Hochschulautonomie als Etikettenschwindel: Ein u:boot-Gastkommentar zum neuen Sächsischen Hochschulgesetz

  »Neoliberale Vorstellungen« | Hochschulautonomie als Etikettenschwindel: Ein u:boot-Gastkommentar zum neuen Sächsischen Hochschulgesetz

Am 21. September trat Cornelius Weiss als SPD-Fraktionschef im Landtag zurück. Er begründete diesen Schritt mit dem Einknicken seiner Fraktion gegenüber der CDU beim Entwurf für das neue Hochschulgesetz. In einem aktuellen Gastkommentar für den KREUZER begründet der Ex-Rektor der Uni Leipzig seine Kritik eingehend. Der Beitrag entstand exklusiv für das Studenten-Magazin u:boot, das dem Oktober-KREUZER beiliegt.

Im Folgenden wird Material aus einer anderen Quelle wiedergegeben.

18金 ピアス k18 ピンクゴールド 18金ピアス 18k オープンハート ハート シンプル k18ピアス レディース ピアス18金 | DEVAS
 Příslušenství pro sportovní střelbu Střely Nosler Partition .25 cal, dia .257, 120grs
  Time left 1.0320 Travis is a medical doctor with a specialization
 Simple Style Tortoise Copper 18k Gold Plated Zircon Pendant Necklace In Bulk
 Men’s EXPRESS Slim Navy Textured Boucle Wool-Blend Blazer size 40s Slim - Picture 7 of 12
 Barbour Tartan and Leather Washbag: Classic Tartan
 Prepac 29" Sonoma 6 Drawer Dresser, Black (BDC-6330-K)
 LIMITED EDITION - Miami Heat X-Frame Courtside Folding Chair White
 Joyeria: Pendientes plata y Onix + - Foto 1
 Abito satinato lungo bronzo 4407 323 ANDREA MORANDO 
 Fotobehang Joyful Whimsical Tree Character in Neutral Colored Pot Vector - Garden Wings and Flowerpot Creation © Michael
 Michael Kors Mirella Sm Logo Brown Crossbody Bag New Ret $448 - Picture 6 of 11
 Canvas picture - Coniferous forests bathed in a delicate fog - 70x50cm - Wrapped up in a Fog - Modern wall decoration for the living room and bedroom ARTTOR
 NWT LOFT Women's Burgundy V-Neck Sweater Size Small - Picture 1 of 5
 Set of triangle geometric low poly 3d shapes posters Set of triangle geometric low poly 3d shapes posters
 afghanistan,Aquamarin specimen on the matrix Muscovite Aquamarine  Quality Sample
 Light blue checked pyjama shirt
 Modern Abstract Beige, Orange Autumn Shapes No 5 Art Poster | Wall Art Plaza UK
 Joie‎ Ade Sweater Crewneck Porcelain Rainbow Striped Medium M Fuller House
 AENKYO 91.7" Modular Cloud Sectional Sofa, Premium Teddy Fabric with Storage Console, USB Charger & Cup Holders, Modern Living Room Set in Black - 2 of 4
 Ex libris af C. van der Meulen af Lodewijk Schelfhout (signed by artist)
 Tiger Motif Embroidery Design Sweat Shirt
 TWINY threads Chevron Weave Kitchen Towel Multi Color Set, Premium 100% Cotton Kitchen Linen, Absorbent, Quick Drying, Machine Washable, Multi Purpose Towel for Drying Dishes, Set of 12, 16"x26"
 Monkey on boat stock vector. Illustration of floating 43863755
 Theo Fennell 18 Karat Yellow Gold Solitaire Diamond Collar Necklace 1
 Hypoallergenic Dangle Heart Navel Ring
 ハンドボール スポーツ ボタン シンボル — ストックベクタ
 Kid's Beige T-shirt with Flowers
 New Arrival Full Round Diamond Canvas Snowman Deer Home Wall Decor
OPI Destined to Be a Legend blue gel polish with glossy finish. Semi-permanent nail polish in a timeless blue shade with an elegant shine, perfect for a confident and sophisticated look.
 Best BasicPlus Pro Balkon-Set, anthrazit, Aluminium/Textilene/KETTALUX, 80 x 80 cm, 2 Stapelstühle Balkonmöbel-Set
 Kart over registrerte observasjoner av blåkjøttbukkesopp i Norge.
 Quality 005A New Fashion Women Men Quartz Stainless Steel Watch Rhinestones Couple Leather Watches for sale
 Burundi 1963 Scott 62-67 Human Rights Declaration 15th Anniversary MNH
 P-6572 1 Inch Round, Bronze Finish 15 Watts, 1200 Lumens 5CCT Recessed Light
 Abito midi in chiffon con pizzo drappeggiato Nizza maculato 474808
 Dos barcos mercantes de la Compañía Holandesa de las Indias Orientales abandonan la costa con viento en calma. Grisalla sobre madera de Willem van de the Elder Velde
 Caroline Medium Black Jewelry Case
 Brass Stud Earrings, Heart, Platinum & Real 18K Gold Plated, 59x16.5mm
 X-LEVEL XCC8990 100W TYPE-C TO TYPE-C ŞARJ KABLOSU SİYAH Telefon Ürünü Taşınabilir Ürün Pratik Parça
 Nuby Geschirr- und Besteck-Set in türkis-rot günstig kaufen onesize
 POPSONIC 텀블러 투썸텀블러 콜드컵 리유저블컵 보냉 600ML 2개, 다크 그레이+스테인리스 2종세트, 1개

Jahrelang hat die Politik die Mahnungen des Wissenschaftsrates, dass Deutschland zu wenig in Bildung und Wissenschaft investiert, einfach ignoriert. Im Gegenteil wurden bundesweit den Hochschulen erhebliche Mittel- und Stellenkürzungen zugemutet. Erst nachdem unübersehbar geworden ist, dass Deutschland hinsichtlich seiner Innovationsfähigkeit gegenüber Ländern mit vergleichbarer Wirtschaftskraft akut ins Hintertreffen zu geraten droht, reagiert die Politik – und zwar auf die ihr eigene Weise. Statt endlich die Grundfinanzierung der Hochschulen auf eine solide Grundlage zu stellen und der Wissenschaft die für die Erfüllung ihrer Aufgaben erforderlichen Freiräume zu schaffen, erschöpft sie sich in wohlklingenden Fensterreden und öffentlichkeitswirksamen Sonderaktionen, wie etwa den »Exzellenzinitiativen«, in denen die viel zu geringen Finanzmittel mit erheblichem Aufwand nochmals umverteilt werden – kurz: »in immer neuem Aktionismus, der kraftvolles Handeln signalisieren soll, aber nichts bessert«, wie Peter Gutjahr-Löser, ehemaliger Kanzler der Universität Leipzig treffend sagte.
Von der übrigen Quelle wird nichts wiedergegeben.